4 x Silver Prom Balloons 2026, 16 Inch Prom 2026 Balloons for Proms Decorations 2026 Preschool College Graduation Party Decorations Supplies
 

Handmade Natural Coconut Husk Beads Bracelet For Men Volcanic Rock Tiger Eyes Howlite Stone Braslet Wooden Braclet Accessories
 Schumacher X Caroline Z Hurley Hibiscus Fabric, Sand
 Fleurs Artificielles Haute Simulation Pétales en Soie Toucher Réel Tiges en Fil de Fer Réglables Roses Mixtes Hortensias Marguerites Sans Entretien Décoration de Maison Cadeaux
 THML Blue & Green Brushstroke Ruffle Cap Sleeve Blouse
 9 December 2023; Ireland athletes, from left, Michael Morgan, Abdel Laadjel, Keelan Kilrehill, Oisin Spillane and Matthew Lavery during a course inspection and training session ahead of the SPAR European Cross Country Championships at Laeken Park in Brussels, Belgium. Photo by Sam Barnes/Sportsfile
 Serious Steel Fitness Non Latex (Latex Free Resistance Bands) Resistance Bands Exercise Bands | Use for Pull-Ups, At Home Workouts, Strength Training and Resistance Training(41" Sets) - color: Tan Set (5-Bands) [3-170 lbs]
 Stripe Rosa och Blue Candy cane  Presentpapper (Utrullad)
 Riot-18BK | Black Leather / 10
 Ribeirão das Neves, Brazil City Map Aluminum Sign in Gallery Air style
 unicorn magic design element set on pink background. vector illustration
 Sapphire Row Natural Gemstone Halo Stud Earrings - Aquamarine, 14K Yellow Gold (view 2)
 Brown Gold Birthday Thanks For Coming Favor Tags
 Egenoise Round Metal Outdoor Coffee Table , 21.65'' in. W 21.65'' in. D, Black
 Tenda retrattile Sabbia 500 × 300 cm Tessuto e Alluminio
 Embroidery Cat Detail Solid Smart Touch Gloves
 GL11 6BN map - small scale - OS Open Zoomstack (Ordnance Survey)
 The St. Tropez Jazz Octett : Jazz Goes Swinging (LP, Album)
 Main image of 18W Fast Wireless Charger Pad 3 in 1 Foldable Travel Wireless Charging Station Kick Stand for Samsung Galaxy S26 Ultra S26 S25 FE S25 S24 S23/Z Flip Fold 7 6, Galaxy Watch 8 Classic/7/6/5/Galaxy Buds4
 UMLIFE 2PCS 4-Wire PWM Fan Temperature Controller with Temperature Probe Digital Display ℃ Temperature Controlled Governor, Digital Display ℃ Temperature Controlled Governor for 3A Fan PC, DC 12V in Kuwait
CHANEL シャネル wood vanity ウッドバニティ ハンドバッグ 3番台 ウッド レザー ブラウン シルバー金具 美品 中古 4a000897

—————

▶ _Task details_: Set down, exactly as they stand above, the lines starting with the line with "unicorn magic design" and going on through the line with "The St. Tropez", and no others.

▶ _Finished task_:
 unicorn magic design element set on pink background. vector illustration
 Sapphire Row Natural Gemstone Halo Stud Earrings - Aquamarine, 14K Yellow Gold (view 2)
 Brown Gold Birthday Thanks For Coming Favor Tags
 Egenoise Round Metal Outdoor Coffee Table , 21.65'' in. W 21.65'' in. D, Black
 Tenda retrattile Sabbia 500 × 300 cm Tessuto e Alluminio
 Embroidery Cat Detail Solid Smart Touch Gloves
 GL11 6BN map - small scale - OS Open Zoomstack (Ordnance Survey)
 The St. Tropez Jazz Octett : Jazz Goes Swinging (LP, Album)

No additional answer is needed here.